Researchers in Brazil have developed an advanced catalyst that significantly improves the efficiency and stability of ethanol-to-hydrogen conversion, offering a potential pathway to lower-cost, low-carbon hydrogen production, according to Agência Fapesp.
The study, led by Fabio Coral Fonseca of the Institute for Energy and Nuclear Research (Ipen) and published in the International Journal of Hydrogen Energy, demonstrates that fine control over the processing of perovskite-type ceramic materials can enhance hydrogen yields while eliminating the need for expensive noble metals.
Hydrogen is widely viewed as a key component of the global energy transition, particularly when produced from renewable sources. In Brazil, abundant ethanol derived from biomass presents a strategic opportunity for hydrogen generation through ethanol steam reforming (ESR), a high-temperature process in which ethanol reacts with steam to produce hydrogen and carbon dioxide.

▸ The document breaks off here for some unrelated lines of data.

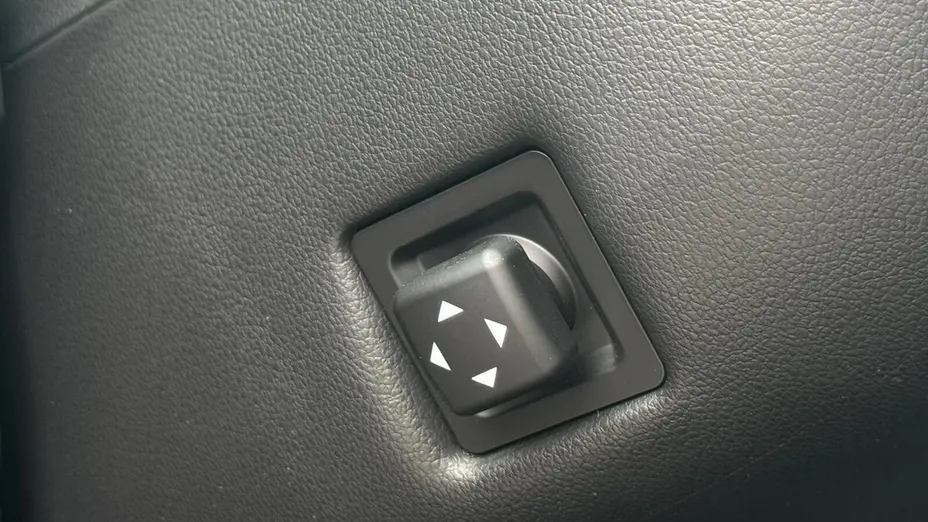 HYUNDAI Santa Fe Santa Fe 1.6 T-GDI HEV Calligraphy 4WD aut 6os.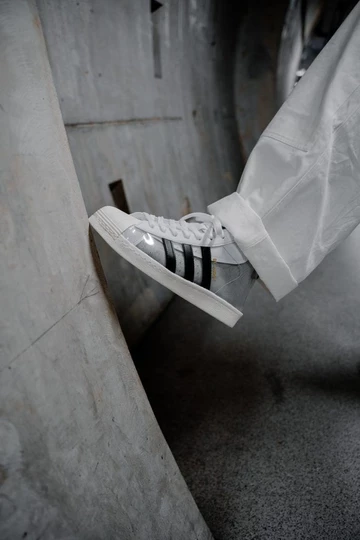 adidas Blondey Pro Model ADV Christopher hat den Schuh am Fuß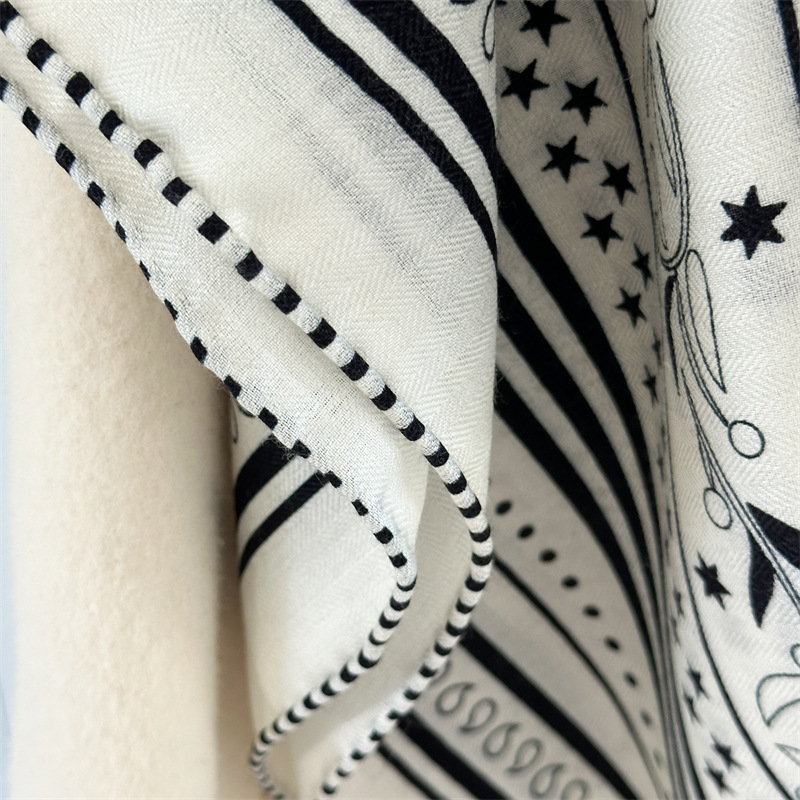 Silk Wool Blend Scarf 135CM Lu - Winter Clothing Hong Kong 评论和价格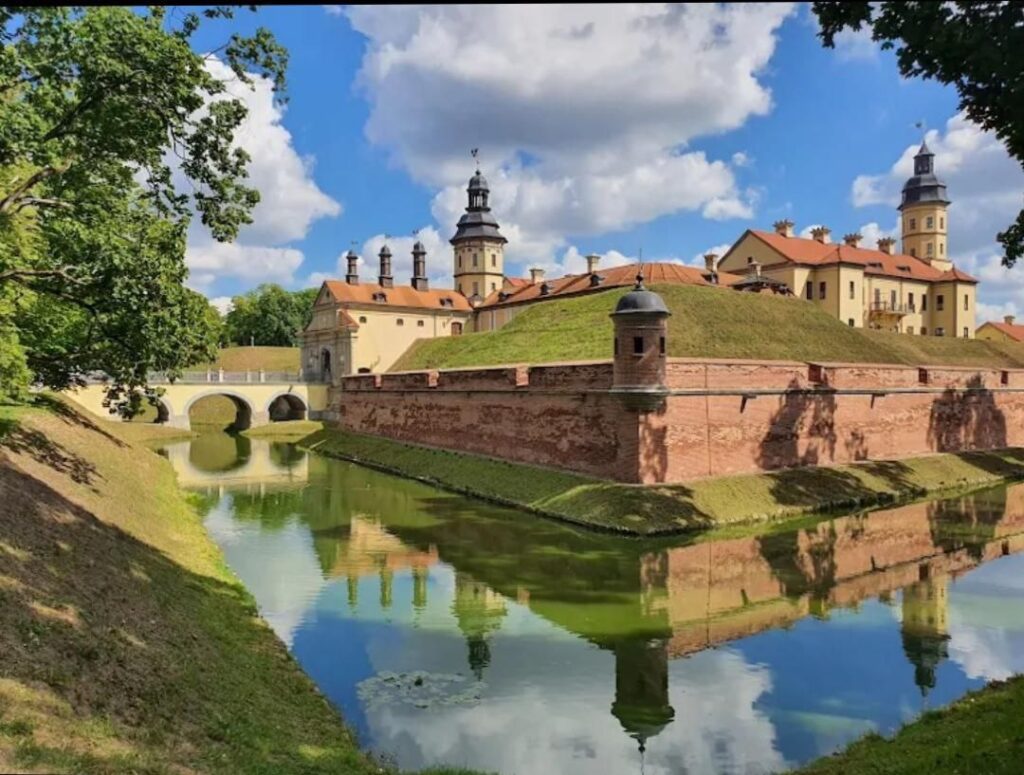 Экскурсии в Несвижский замок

The research focuses on improving catalysts used in ESR. Instead of applying nickel to the surface of ceramic materials through conventional impregnation methods, the team incorporated nickel directly into the perovskite crystal structure during synthesis. Under controlled conditions, the metal “exsolves,” forming highly stable nickel nanoparticles firmly anchored to the surface.
This approach enhances catalytic stability, reduces carbon deposition and prevents particle agglomeration at high temperatures, common issues that degrade conventional catalysts.
A key finding of the study is that calcination temperature plays a decisive role in performance. Catalysts calcined at 650°C delivered the best results, achieving 100% ethanol conversion, producing more than four moles of hydrogen per mole of ethanol, and maintaining stable operation for up to 85 hours with minimal coke formation. Higher calcination temperatures reduced surface area, limited nickel exsolution and weakened performance.
Fonseca emphasized that manufacturing conditions are as important as material composition. “A relatively simple adjustment in processing completely changes performance,” he noted.
Beyond ethanol reforming, the team is also exploring direct ethanol fuel cells as an alternative route for energy conversion. Their broader research into metallic exsolution in perovskites includes prior collaboration with U.S. institutions supported by the São Paulo Research Foundation and the National Science Foundation.
The scientists are now advancing toward highly controlled epitaxial thin films to study catalytic behavior at the atomic scale, using advanced characterization tools at Sirius, Brazil’s synchrotron light source.
By demonstrating that abundant, low-cost metals such as nickel can achieve high catalytic performance when properly engineered, the research outlines a promising route to reduce reliance on noble metals and strengthen sustainable hydrogen production, particularly in Brazil, where ethanol infrastructure is already well established.